── Supplied material

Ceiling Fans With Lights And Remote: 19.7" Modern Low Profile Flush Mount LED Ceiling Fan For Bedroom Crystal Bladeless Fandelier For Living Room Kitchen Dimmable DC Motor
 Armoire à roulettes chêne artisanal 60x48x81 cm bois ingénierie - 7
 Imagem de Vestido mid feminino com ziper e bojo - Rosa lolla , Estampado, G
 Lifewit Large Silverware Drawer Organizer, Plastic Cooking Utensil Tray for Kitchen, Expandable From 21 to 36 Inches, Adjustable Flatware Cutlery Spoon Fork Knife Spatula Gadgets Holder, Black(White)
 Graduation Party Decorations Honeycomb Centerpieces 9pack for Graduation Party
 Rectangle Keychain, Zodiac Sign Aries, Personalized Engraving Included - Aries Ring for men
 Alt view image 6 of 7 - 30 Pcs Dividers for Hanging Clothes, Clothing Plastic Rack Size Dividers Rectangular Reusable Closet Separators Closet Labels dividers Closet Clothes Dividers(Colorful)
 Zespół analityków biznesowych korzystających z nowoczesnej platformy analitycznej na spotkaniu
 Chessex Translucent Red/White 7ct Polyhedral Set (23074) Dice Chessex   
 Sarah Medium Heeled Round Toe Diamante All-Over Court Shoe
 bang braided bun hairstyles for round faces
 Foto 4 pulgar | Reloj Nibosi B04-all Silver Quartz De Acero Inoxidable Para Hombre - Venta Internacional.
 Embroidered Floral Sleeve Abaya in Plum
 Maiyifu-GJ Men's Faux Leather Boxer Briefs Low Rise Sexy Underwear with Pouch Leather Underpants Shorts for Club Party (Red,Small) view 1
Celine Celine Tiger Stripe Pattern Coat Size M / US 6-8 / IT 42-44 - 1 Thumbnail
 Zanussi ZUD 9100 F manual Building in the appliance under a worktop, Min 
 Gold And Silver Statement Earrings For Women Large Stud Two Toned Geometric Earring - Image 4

────

### Exercise directions
Using the data above, restate every record word for word.

### Output of the task
Ceiling Fans With Lights And Remote: 19.7" Modern Low Profile Flush Mount LED Ceiling Fan For Bedroom Crystal Bladeless Fandelier For Living Room Kitchen Dimmable DC Motor
 Armoire à roulettes chêne artisanal 60x48x81 cm bois ingénierie - 7
 Imagem de Vestido mid feminino com ziper e bojo - Rosa lolla , Estampado, G
 Lifewit Large Silverware Drawer Organizer, Plastic Cooking Utensil Tray for Kitchen, Expandable From 21 to 36 Inches, Adjustable Flatware Cutlery Spoon Fork Knife Spatula Gadgets Holder, Black(White)
 Graduation Party Decorations Honeycomb Centerpieces 9pack for Graduation Party
 Rectangle Keychain, Zodiac Sign Aries, Personalized Engraving Included - Aries Ring for men
 Alt view image 6 of 7 - 30 Pcs Dividers for Hanging Clothes, Clothing Plastic Rack Size Dividers Rectangular Reusable Closet Separators Closet Labels dividers Closet Clothes Dividers(Colorful)
 Zespół analityków biznesowych korzystających z nowoczesnej platformy analitycznej na spotkaniu
 Chessex Translucent Red/White 7ct Polyhedral Set (23074) Dice Chessex   
 Sarah Medium Heeled Round Toe Diamante All-Over Court Shoe
 bang braided bun hairstyles for round faces
 Foto 4 pulgar | Reloj Nibosi B04-all Silver Quartz De Acero Inoxidable Para Hombre - Venta Internacional.
 Embroidered Floral Sleeve Abaya in Plum
 Maiyifu-GJ Men's Faux Leather Boxer Briefs Low Rise Sexy Underwear with Pouch Leather Underpants Shorts for Club Party (Red,Small) view 1
Celine Celine Tiger Stripe Pattern Coat Size M / US 6-8 / IT 42-44 - 1 Thumbnail
 Zanussi ZUD 9100 F manual Building in the appliance under a worktop, Min 
 Gold And Silver Statement Earrings For Women Large Stud Two Toned Geometric Earring - Image 4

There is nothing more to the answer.